_TASK BRIEF:_ Reproduce each line of the following material exactly, omitting the images.
*** Opening of SUPPLIED INFORMATION ***
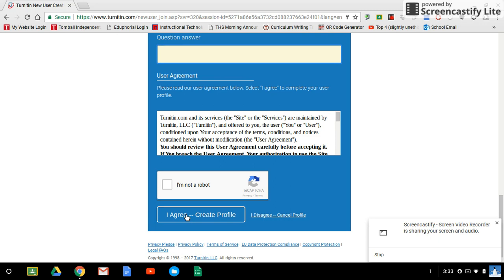If you've done it correctly then it should take you to a page that will have my name, the class name, and both of those will be highlighted in blue so that you can click on them. If you've done it correctly that's what you should see and you should be all set to go.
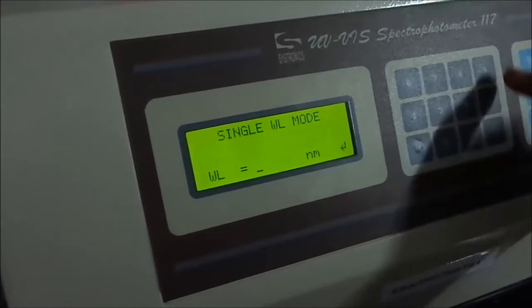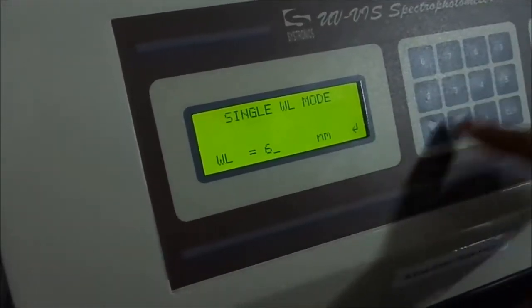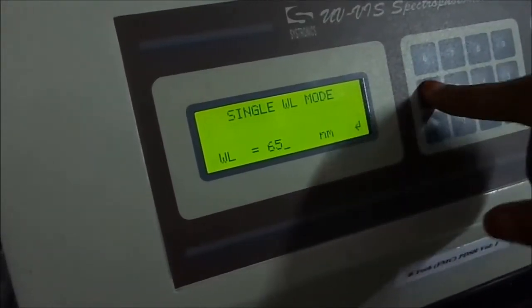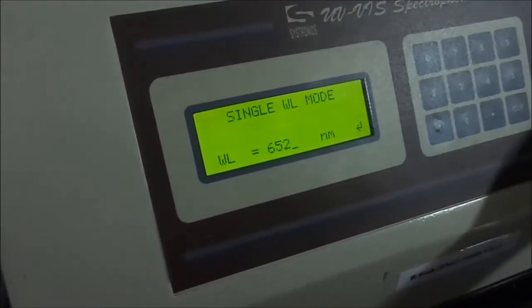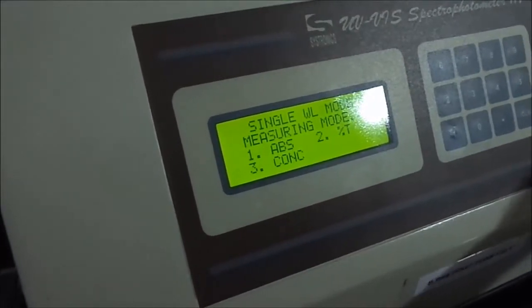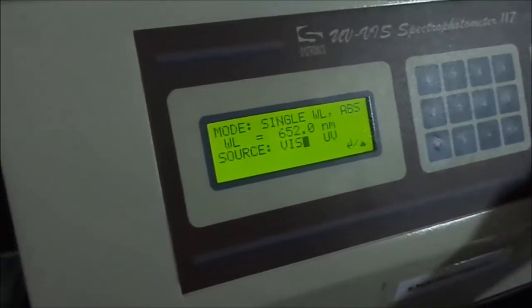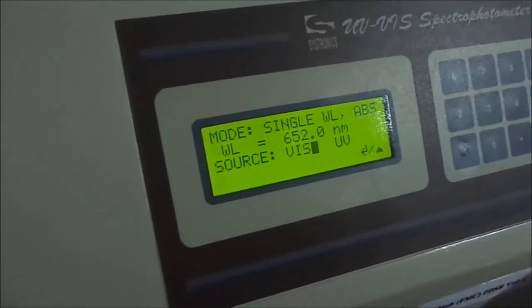The volume of the supernatant solution is made up to 25 ml using 80% acetone. The OD value is measured at 652 nm in a spectrophotometer and used to calculate the total chlorophyll content and chlorophyll stability index.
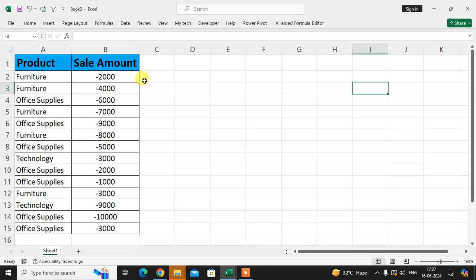So I want these amounts in positive. I am using one function to convert these amounts from negative to positive.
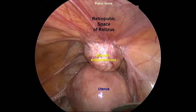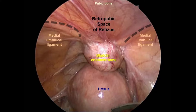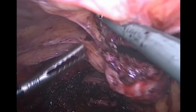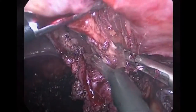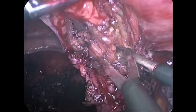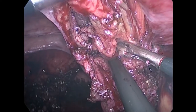The retropubic space of Retzius lies between the pubic bone and bladder. The retropubic space is bordered posteriorly by the urethra and pubourethral ligaments. The space is entered by incising the peritoneum medial to the medial umbilical ligament by pulling the ligaments for counter-traction. The bladder can be retrograde filled with air or fluid to help delineate its borders during this dissection. Dissection close to the pubic bone should be avoided in order to prevent injury to the midline dorsal clitoral neurovascular bundle.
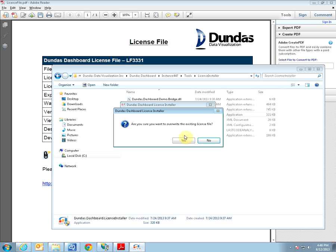Note if there is already a license file in that location, which should be by default, you will get a warning message about overwriting it. So it's very important to make a backup. I have already done so by creating a copy of the previous license file and placing it in a different location. So in my scenario it's okay for me to overwrite it so I'll click Yes.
*** Close of SUPPLIED INFORMATION ***
_SOLUTION:_
If you've done it correctly then it should take you to a page that will have my name, the class name, and both of those will be highlighted in blue so that you can click on them. If you've done it correctly that's what you should see and you should be all set to go.
The volume of the supernatant solution is made up to 25 ml using 80% acetone. The OD value is measured at 652 nm in a spectrophotometer and used to calculate the total chlorophyll content and chlorophyll stability index.
So I want these amounts in positive. I am using one function to convert these amounts from negative to positive.
The retropubic space of Retzius lies between the pubic bone and bladder. The retropubic space is bordered posteriorly by the urethra and pubourethral ligaments. The space is entered by incising the peritoneum medial to the medial umbilical ligament by pulling the ligaments for counter-traction. The bladder can be retrograde filled with air or fluid to help delineate its borders during this dissection. Dissection close to the pubic bone should be avoided in order to prevent injury to the midline dorsal clitoral neurovascular bundle.
Note if there is already a license file in that location, which should be by default, you will get a warning message about overwriting it. So it's very important to make a backup. I have already done so by creating a copy of the previous license file and placing it in a different location. So in my scenario it's okay for me to overwrite it so I'll click Yes.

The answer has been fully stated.